**What is expected**
All of the data that follows is to be written out exactly, with images excluded.

**Data extract**
--------------------------------

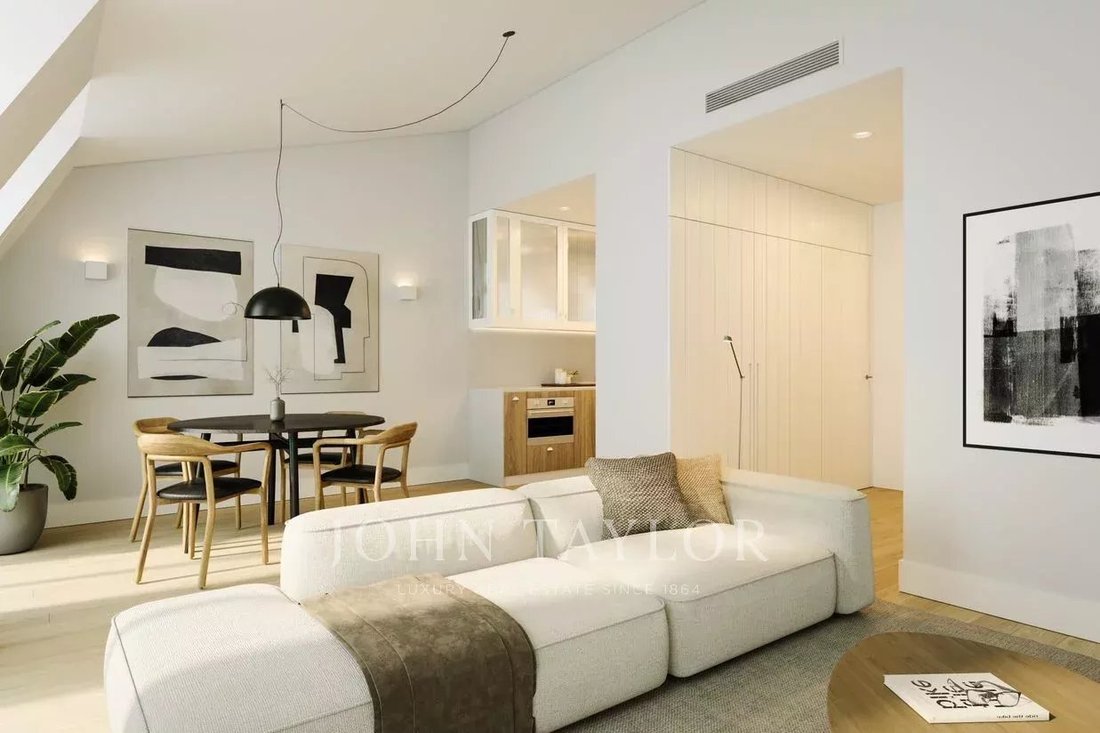 Apartment in Arroios, Lisbon, Portugal 2 - 15692958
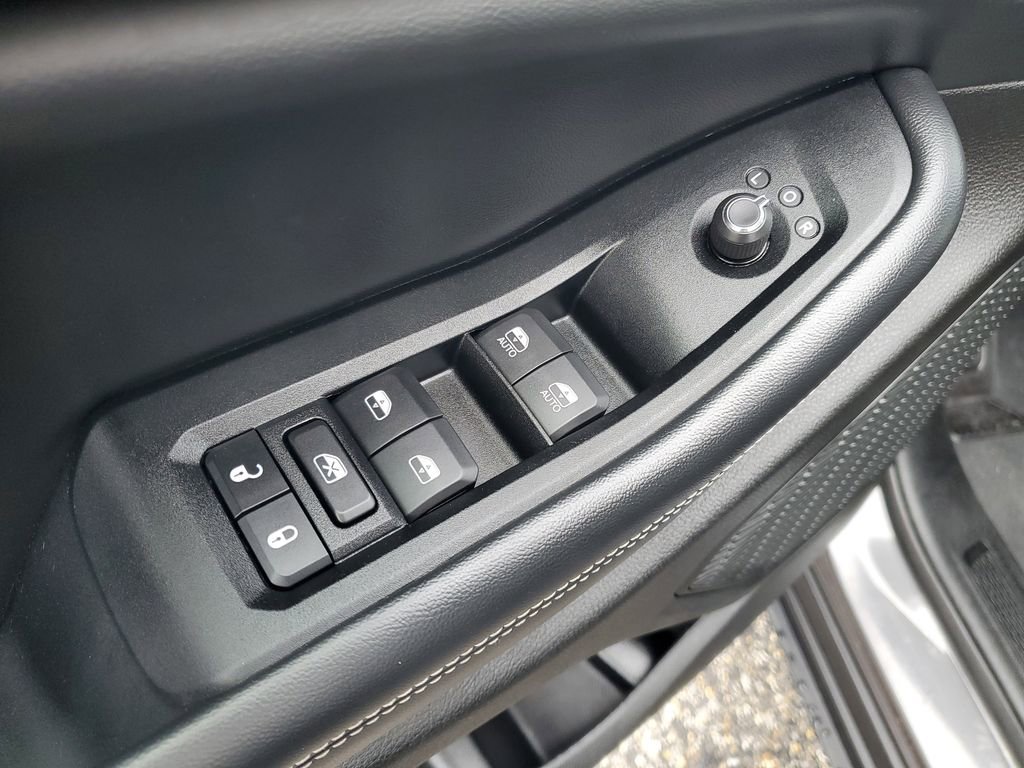 Used 2023 Jeep Grand Cherokee L Laredo image 9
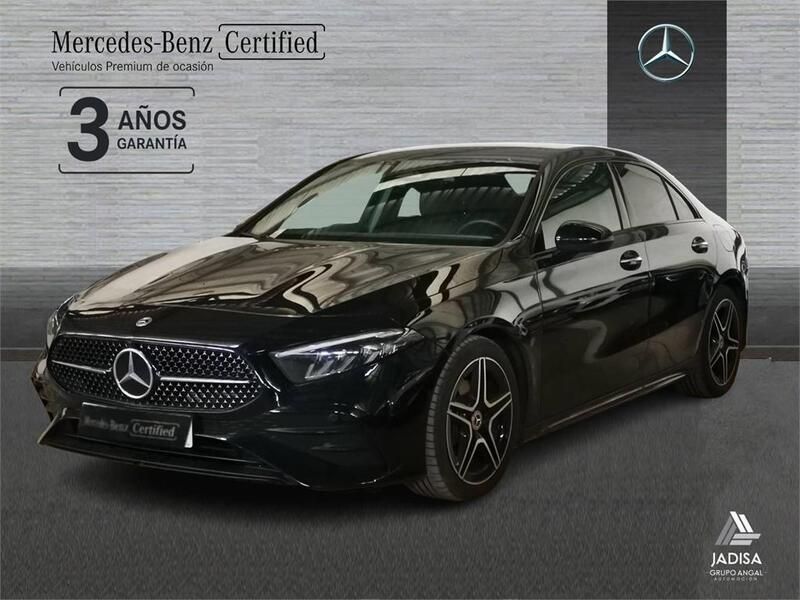 Negro noche Usado 2023 Mercedes A200 AMG line Berlina | 33.990 € (Buen precio) - Imagen 1/4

--------------------------------

**Finished exercise**
 Apartment in Arroios, Lisbon, Portugal 2 - 15692958
 Used 2023 Jeep Grand Cherokee L Laredo image 9
 Negro noche Usado 2023 Mercedes A200 AMG line Berlina | 33.990 € (Buen precio) - Imagen 1/4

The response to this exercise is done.